The Austin Chronicle

https://www.austinchronicle.com/food/2017-06-30/dear-glutton-best-breakfast-tacos/

Dear Glutton: Best Breakfast Tacos

Starting you on your long journey of taco discovery

By Emily Beyda, June 30, 2017, Food

Dear Glutton,

I am on a quest to find the best breakfast tacos. Would love your suggestions.

– Karl


Oh, Karl. Beautiful, naive, young Karl. You remind me of myself in more innocent times, when I, too, was new to Texas and thought that there was such a thing as the empirically Best Breakfast Taco, waiting for me to discover it. I drove myself mad in my search. Gained 10 pounds, then 20. Ruined social and romantic relationships with my obsessive debates over the comparative virtues of flour and corn tortillas (and I'm sorry guys, but I still think corn has a superior texture to flour's weird gummy-mouth feel; come at me, tortilla partisans), chorizo vs. bacon (chorizo, obviously, the bacon is rarely crispy enough, I will fight you on this), and trucks vs. sit-down restaurants (Do I even need to say it? TRUCKS).

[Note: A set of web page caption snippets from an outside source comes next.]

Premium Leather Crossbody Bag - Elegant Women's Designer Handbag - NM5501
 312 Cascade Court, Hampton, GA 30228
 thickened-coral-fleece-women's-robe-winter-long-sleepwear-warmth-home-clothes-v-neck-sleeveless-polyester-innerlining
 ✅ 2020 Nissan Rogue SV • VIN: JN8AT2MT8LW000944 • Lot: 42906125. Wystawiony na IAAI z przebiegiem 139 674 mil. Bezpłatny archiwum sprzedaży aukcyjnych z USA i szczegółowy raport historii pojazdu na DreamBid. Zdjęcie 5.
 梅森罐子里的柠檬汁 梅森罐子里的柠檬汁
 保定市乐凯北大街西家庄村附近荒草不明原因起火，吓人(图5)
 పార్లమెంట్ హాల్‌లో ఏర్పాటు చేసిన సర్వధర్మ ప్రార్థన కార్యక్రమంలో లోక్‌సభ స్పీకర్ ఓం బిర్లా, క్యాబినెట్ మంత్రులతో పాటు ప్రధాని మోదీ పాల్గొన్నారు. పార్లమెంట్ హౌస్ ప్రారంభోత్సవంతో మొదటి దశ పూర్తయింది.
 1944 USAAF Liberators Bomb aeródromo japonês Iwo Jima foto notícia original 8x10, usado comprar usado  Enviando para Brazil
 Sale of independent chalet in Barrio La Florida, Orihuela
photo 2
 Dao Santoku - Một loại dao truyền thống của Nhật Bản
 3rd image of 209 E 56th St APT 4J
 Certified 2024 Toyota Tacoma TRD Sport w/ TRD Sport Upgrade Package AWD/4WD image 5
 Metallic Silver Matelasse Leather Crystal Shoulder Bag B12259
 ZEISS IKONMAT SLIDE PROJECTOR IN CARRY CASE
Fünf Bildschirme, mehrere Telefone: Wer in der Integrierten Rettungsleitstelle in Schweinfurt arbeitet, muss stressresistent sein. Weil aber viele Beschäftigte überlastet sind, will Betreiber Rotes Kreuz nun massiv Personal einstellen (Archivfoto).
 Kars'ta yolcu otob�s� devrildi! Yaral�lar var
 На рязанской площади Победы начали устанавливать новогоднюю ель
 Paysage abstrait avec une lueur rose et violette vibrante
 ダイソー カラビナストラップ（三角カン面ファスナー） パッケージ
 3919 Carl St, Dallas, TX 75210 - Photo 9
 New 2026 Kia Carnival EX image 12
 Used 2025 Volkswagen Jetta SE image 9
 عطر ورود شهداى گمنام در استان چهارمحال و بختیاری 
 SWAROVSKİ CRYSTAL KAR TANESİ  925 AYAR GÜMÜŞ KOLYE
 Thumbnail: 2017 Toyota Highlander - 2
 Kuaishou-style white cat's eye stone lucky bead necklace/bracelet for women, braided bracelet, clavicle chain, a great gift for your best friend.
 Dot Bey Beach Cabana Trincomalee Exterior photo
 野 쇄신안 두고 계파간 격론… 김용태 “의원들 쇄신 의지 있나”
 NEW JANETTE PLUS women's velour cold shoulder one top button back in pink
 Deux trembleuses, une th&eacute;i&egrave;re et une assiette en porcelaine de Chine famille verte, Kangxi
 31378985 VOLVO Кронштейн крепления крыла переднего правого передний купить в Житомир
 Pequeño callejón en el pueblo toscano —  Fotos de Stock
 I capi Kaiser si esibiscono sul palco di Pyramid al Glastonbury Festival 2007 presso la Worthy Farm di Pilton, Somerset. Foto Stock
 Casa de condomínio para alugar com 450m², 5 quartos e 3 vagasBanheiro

Aside from my strong personal preference for individual tacos, I have yet to come to any global conclusions. And I suspect that such a definitive explainer is impossible. But what I can do is point you toward three possible routes of exploration, byways to incorporate into your lifelong journey of taco discovery. The rest, dear Karl, is up to you.

We start out with your classic sit-down taco. Now, there are many ways to go with this. You can kick back at Mi Madre's, where the tacos are the size of a small child's arm and the house-made cafe de olla fills the air with the aromas of cinnamon and vanilla. Their exceedingly pleasant patio is my favorite post-late-night spot in the city, the perfect place to nibble some crispy migas (with added avocado, naturally) and plan your Sunday. Or you can venture north to Tierra Linda Taqueria, located, like many of my favorite Austin restaurants, in a gas station grocery store. Their tortillas are homemade, their fillings are freshly scrambled, all for $1.75 a pop and well worth the drive from Downtown.

And then, there's the noble Austin institution of the taco truck. I've already used this column to sound off on the virtues of my Northside favorite Veracruz All Natural (one of the few places in town that offers up an adequately crisped bacon breakfast taco), but I'm equally fond of El Primo, an Eastside taco truck parked, of course, in a corner parking lot near a gas station (stop there for your coffee). Here, the egg and bean tacos provide the kind of greasy, primal satisfaction that few restaurant tacos can hope to approach. Scarf down a few doused with their homemade salsa while standing on the corner watching traffic pass and planning your next move.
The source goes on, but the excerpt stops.